Dataset Construction

We start with the CNN/Daily Mail dataset, as processed by See et al. (2017), which contains a total of ~300,000 online news article and multi-sentence summary pairs. To learn the relationship between articles, summaries, and topics, we must also have topic information for each summary. We use Latent Dirichlet allocation (LDA) to train a topic model of the summaries in the original corpus. Our model includes 147 topics which are clusters of related words assigned to an integer. For example, here are the first three topic clusters in our model:

Topic 0: apple phone new mobile iphone phones app available devices ipad launch screen device google samsung android expected users company use microsoft version tablet watch service
Topic 1: cent people survey percent study half average likely shows poll 000 uk according say americans 10 just finds 50 research report nearly 40 adults 80
Topic 2: weight size lost stone diet pounds lose body dropped fat weighed loss fitness exercise eating just 12 healthy food day fit 10 weighs months gym

Topic 0 corresponds to mobile and tablet tech devices and companies, Topic 1 to scientific studies and public opinion polls, and Topic 2 to fitness and weight loss. Once the topic model has been trained, we apply the topics to each summary in the original corpus and find the probability that the summary belongs to each of the topics in our model. For example, the summary:

Once a super typhoon, Maysak is now a tropical storm with 70 mph winds. It could still cause flooding, landslides and other problems in the Philippines.

Is assigned the topic:

Topic 17: new people storm hit homes power residents damage hurricane officials 000 says area flooding say quake miles reported earthquake struck dead toll tornado caused flood

The model assigns this topic a probability of 85.6%. Once all summaries have been assigned, we follow the procedure in Krishna et al. (2018) to randomly merge pairs of articles and associate them with each of the original summaries. This procedure is done to force the summarization model to learn which portions of text are important to summarize for each topic.

Models, Training, and Results

We start with a baseline pointer generator network, as described in See et al. (2017), which is an augmented neural sequence-to-sequence abstractive summarization architecture.
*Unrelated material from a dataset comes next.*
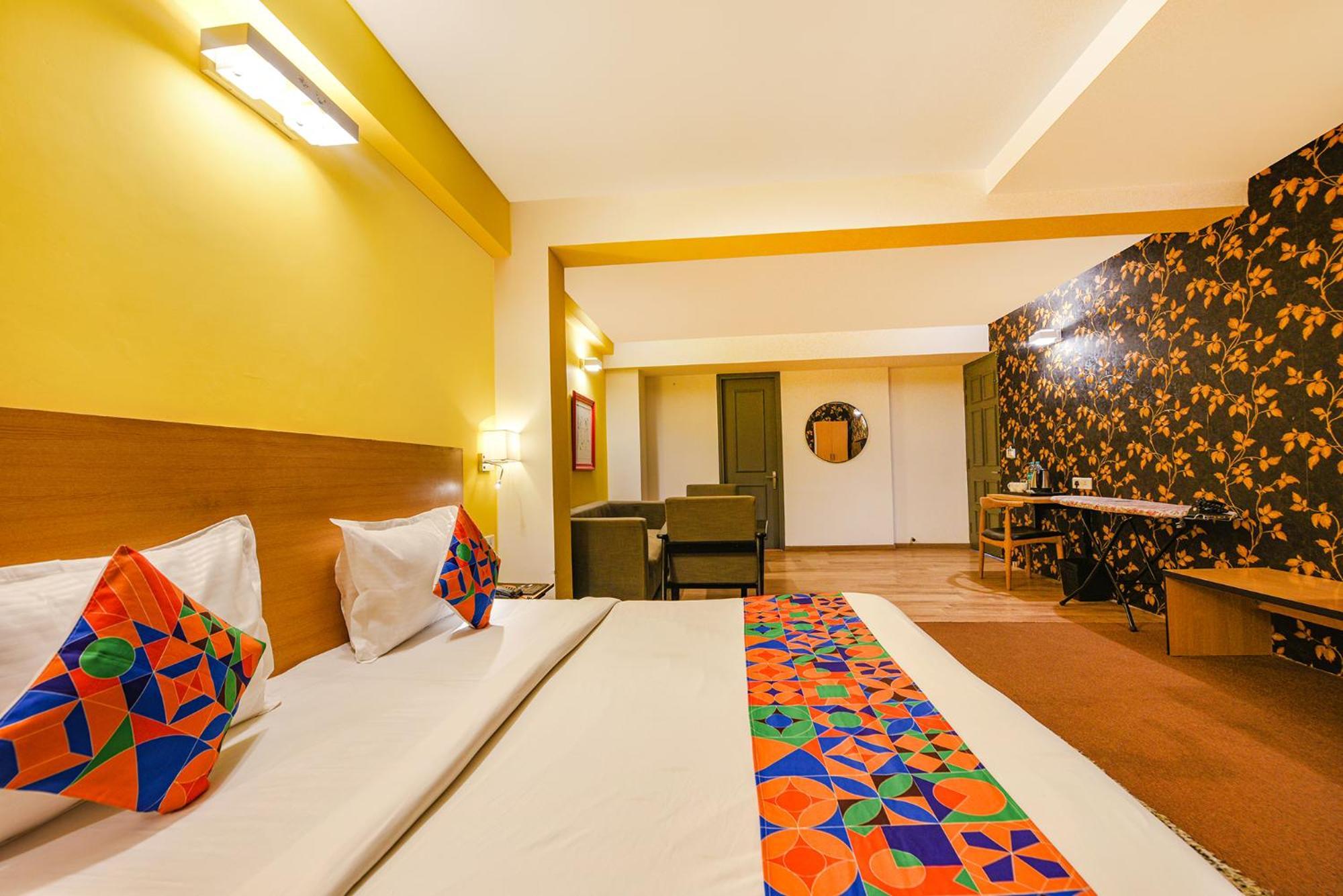Fabhotel Old Meple Leaf Gurgaon Exterior photo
We train the model for 180,000 iterations on our modified CNN/Daily Mail dataset augmented with summary topics. We also train a second pointer generator network where the summary topic integer is prepended to the usual news article in the model’s input. We expect the topic information model to produce more accurate summaries as measured by ROUGE metrics. Here are the results after training the second model for 90,000 iterations:













The network with topic information outperforms the baseline network on each of the ROUGE metrics. Here is an example summary from the corpus about a trial run of robotic employees:

Robot will work on a trial basis at Mitsubishi UFJ Financial Group branches. These trials of the 1ft 11inch 58cm assistant are expected to begin in April. Nao has four microphones, touch sensors and can speak 19 languages. Makers Aldebaran Robotics said it can also recognise human emotions. If successful, the robotic employees will be rolled out to more branches.
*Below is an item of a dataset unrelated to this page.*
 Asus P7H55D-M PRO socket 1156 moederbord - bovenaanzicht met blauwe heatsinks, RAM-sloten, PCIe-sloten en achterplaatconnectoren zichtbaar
Each article is intermixed with a second article, assigned each of the original summaries, along with their LDA topic cluster. Here is the summary of the second article, randomly selected to be intermixed with the first about robots. It is about a young man suspended from school for selling sodas to fellow classmates:

Grade 12 student Keenan Shaw, 17, was handed a two-day suspension. He was told the sales violated the school 's nutrition and marketing policies and that he was operating a business without a licence. Keenan defended actions by pointing out other students have been known to sell marijuana, cigarettes, acid and even meth. Has now moved his business outside school to sidewalk.
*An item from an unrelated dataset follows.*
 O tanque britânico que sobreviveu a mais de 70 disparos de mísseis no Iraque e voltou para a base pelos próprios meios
Each summary is associated with a topic by LDA in the dataset. In this case, the first summary’s topic is related to technology and design:

Topic 143: used using technology device uses created designed use design 3d developed make machine light create company called project robot built able computer machines firm sensors

Trained on just the intermixed article and summary pairs, the baseline model produces the following summary:

12 Keenan,,,, from, week after was to selling at profit his locker. Was a suspension Winston High in,,,, selling. School 's nutritional policy, sodas not in.

Without topic information, the model summarizes the wrong intermixed article and produces strange grammar and punctuation errors. Here is the summary produced by the network trained with topic information:

Experts have warned robots could soon take over our jobs. It has two cameras mounted to its head, that act as eyes, as well as four directional microphones to act as its ears.

Given topic 143, the second model correctly identifies and summarizes information from the intermixed article that corresponds to technology. This difference in output accounts for the stronger ROUGE scores by the topic-driven model.